Posts from maio, 2013

Bem na fita

 

    Selma Barcellos

Selma 2

 

 

 

 

 

 

 

Sempre que uma nova ruguinha me diz “oi, prazer” quando olho no espelho, ao acordar, lembro como mantra de uma resposta de Pitanguy em sua milionésima (suponho) entrevista sobre beleza feminina: “Mulher bonita não é a que se vê chegar, mas a que se sente chegar”.

Ufa, a frase do mestre é um alívio. Você se contenta em aplicar o básico filtro solar e ir à academia apenas para não atrofiar e volta correndo para os livros que ama. Para o imprescindível cultivo das delícias do espírito, pois que não há beleza que sobreviva a uma mente emburrecida.

Só que… vaidade, teu nome é mulher. Daqui a pouco, lá está a gente de novo se mirando no espelho, bem de pertinho, dando uma esticadinha no canto dos olhos, no contorno do queixo…

Verdade seja dita, não é fácil olhar com desdém para o que nos revela o espelho, com ar blasé de quem não está nem aí para as rugas que “nos dão dignidade e contam nossa história”. Além do que, é preciso estar atenta e forte para perceber quando não dá mais para sair de cara lavada, cor de boca nos lábios, beliscões nas bochechas para o arzinho corado e que tais.

Na realidade, a mensagem de Pitanguy, não fosse ele um esteta, passa longe de pregar desapego à imagem.
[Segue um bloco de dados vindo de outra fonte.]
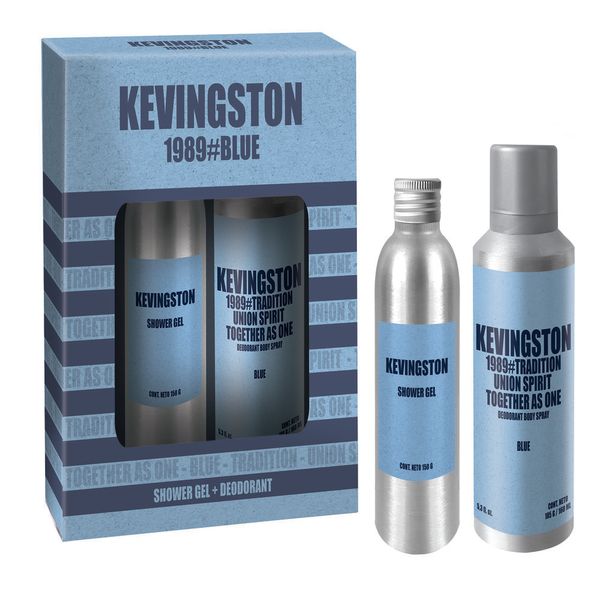 estuche-kevingston-edt-1989-blue-x-60-ml-desodorante-x-160-ml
Antes, alerta-nos para a indigência cultural que o excesso de vaidade física pode causar e, a reboque, fala de algo que hoje é literalmente assustador: o exagero de certas mulheres em busca da juventude que se foi ou dos padrões impostos de beleza.
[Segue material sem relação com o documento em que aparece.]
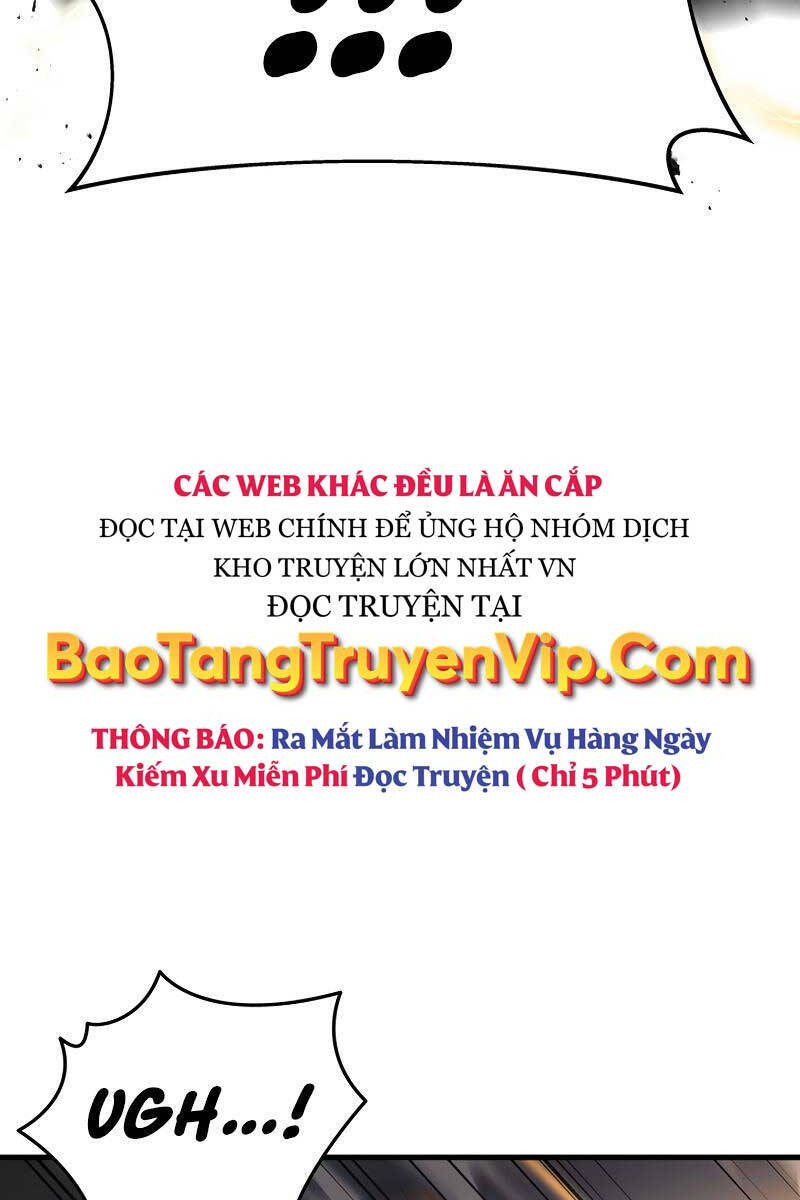 Thần Chiến Tranh Trở Lại Cấp 2 chapter 23 - Upload bởi truyensieuhay.com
Quem ainda não cruzou pelas ruas com certas criaturas desfiguradas por seguidos procedimentos plásticos, sorriso e olhar aprisionados? Aliás, como pode alguém pagar para ficar feia, disforme, perseguindo um formato de lábios que a natureza não lhe deu, que não condiz com o restante de seu  rosto, mas que Angelina Jolie tem e se quer igual?
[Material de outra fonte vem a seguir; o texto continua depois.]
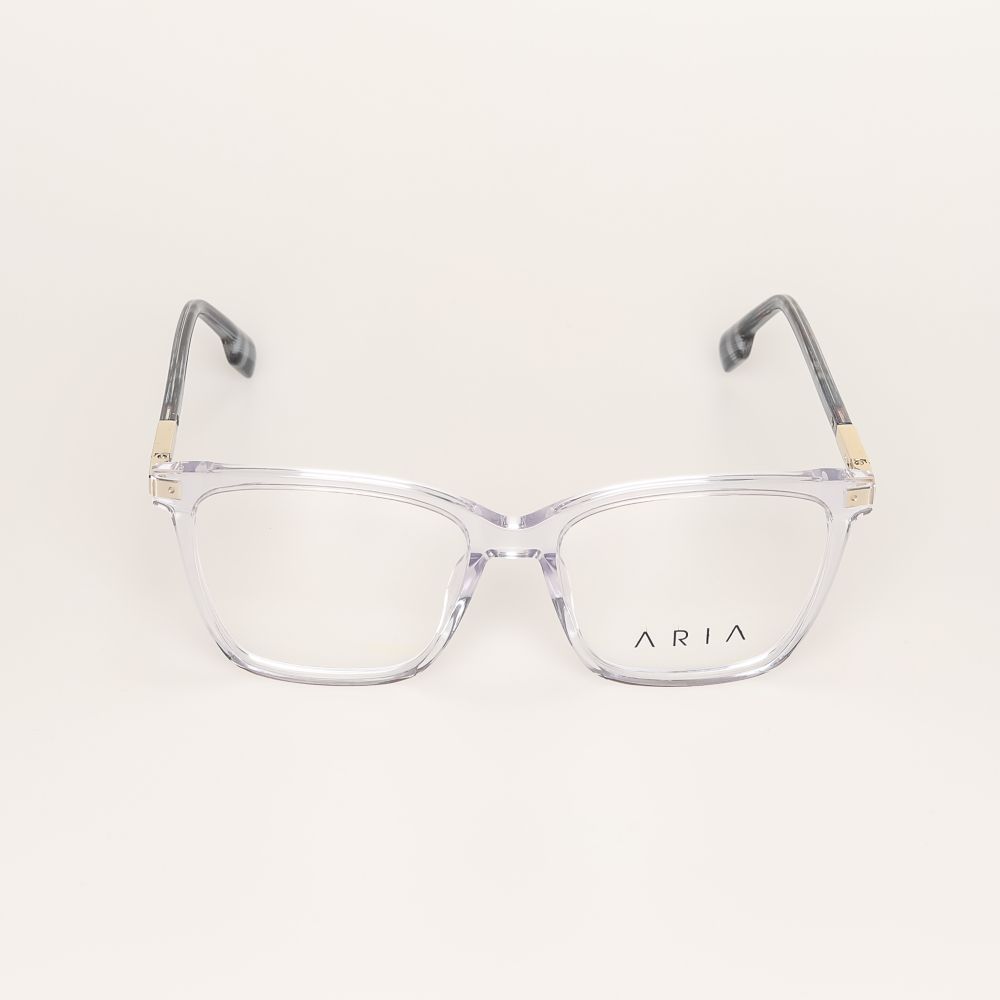 Rame de ochelari Aria 1264-3 [1]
Criaturas assim ficam ainda mais visíveis nas imensas lojas de departamentos americanas. São elas não apenas as consumidoras vorazes, como também as atendentes que, buscando provar a eficácia de seus produtos para fazer o tempo voltar atrás, transformaram-se, todas, em Angelinas.

Recentemente, numa dessas lojas, notei que a moça que me vendia um simples hidratante, ao terminar de falar cada frase, levava segundos para conseguir fechar a protuberante boca química. Sabe dublagem mal feita, quando a fala acaba e os lábios ainda se movem? Assim. Aquela era das que se vê chegar. Só que antes de entrar.

Por outro lado, quando leio que, nos Estados Unidos, jovens escapam à síndrome do tapete vermelho, ao padrão ditado pela mídia, e elegem a colega Anne Jennings, bela exatamente em sua diversidade, como “Rainha da Escola”, percebo que nem tudo está perdido. Há luz no camarim do fim do túnel…

 

 

(Aqui a rainha Anne, emocionando-nos com seu sorriso escancaradamente feliz)

 

Assim, bem-vindas as mulheres que se fazem vistas e sentidas em suas chegadas, porque corpo e espírito nutridos, saudáveis, informadas, orgulhosas de sua feminilidade, seguras por se saberem bem na fita. Não a que Hollywood quer filmar, mas aquela cuja câmera e direitos autorais elas detêm, em doses equilibradas de sonho e lucidez.